I think the amount of miles and the condition of the roads of late coupled with the new pads and old disks brake dust it may just have been a little too much. I'll try to keep the washing to weekly and get a tripod so i can correctly brush wash the wheel down.

Looking at the water rinse behavior during the wash i suspect some sealantstill remains but i will have to test this next time.


----------



## Neil_S (Oct 26, 2005)

Great stuff Jon, I do really like the FK1000p, I'm adding 2 more layers to my wheels this weekend.


----------



## GeeJay (Jun 10, 2007)

Thanks for the update Jon  It's always good to see the findings of xx vs xx

I know it's different wheels, different circumstances etc, but i find PB wheel sealant to clean up with just a pressure washer blast, leaving me to think that neither of these are performing very well at all? It'd be interesting to see how these compared to a dedicated wheel sealant


----------



## Bigpikle (May 21, 2007)

GeeJay said:


> Thanks for the update Jon  It's always good to see the findings of xx vs xx
> 
> I know it's different wheels, different circumstances etc, but i find PB wheel sealant to clean up with just a pressure washer blast, leaving me to think that neither of these are performing very well at all? It'd be interesting to see how these compared to a dedicated wheel sealant


its not the products, but the wheels and the muck getting on them......

I have FK1000 on and almost 8 weeks later they still clean up almost perfectly with just a PW. It spanks the CG WG & PB stuff I used before 

thanks for the updates Jon - shame they are not performing better for you this time. I just did the Saab as welll with the FK1000 so we can try them again when I come up.

The CG wheel cleaner looks good though :thumb:


----------



## GeeJay (Jun 10, 2007)

Bigpikle said:


> its not the products, but the wheels and the muck getting on them......


Thanks  That was the answer I was expecting. I remembered reading your reviews on the 1000p and was a bit shocked by this post.


----------



## 3dr (Mar 1, 2008)

the problem is that you used fk100p and not fk1000p, it's only a 10th as good.........


----------



## Wheelie_Clean (Jun 16, 2007)

Mr Pikle are you sure you worked those products into the corners of Epochs wheels? 

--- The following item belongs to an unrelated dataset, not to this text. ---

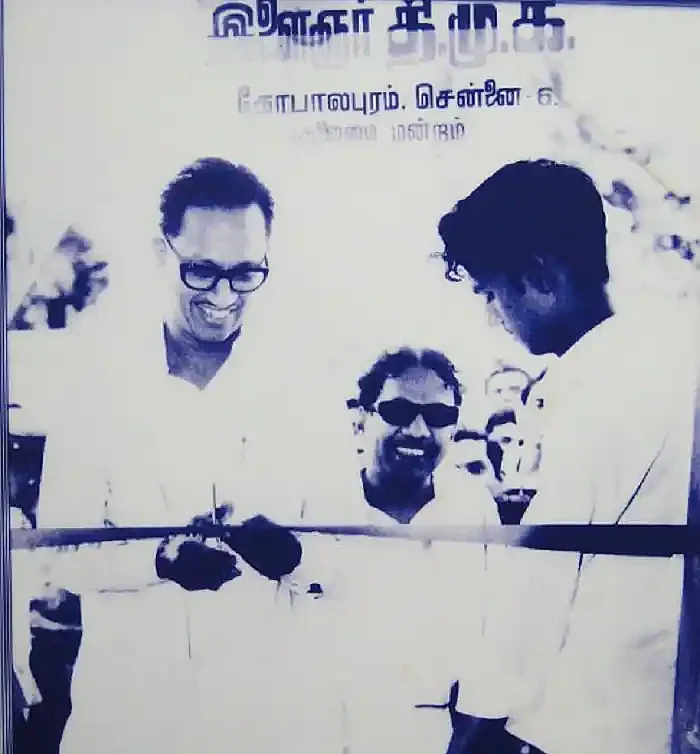 காலத்தின் நிறம் கருப்பு சிவப்பு - ஜனநாயகம் எனவே முரசறைவாய்!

I am just wondering if there was more beer drinking going on than wheel sealing:lol:


----------



## ads2k (Jul 12, 2006)

Nice for the update Jon :thumb:, that's pretty much a similar result t how my wheels clean with jst the pressure washer. I always have to finish them off by brush. As yours showed it's the residue left in the corners that never comes off.


----------



## Bigpikle (May 21, 2007)

Wheelie_Clean said:


> Mr Pikle are you sure you worked those products into the corners of Epochs wheels?
> 
> I am just wondering if there was more beer drinking going on than wheel sealing:lol:


I wondered when someone would say that :lol:

just had to be you didnt it  Personally I think its the way a certain person drives and uses those brakes


----------



## Wheelie_Clean (Jun 16, 2007)

Bigpikle said:


> I wondered when someone would say that :lol:
> 
> just had to be you didnt it  Personally I think its the way a certain person drives and uses those brakes


Sorry mate I just couldn't resist

They do look a pig to work on but nowhere near as bad as Mrs Epoch's BMW - ouch, they would drive me nuts.


----------



## Epoch (Jul 30, 2006)

3dr said:


> the problem is that you used fk100p and not fk1000p, it's only a 10th as good.........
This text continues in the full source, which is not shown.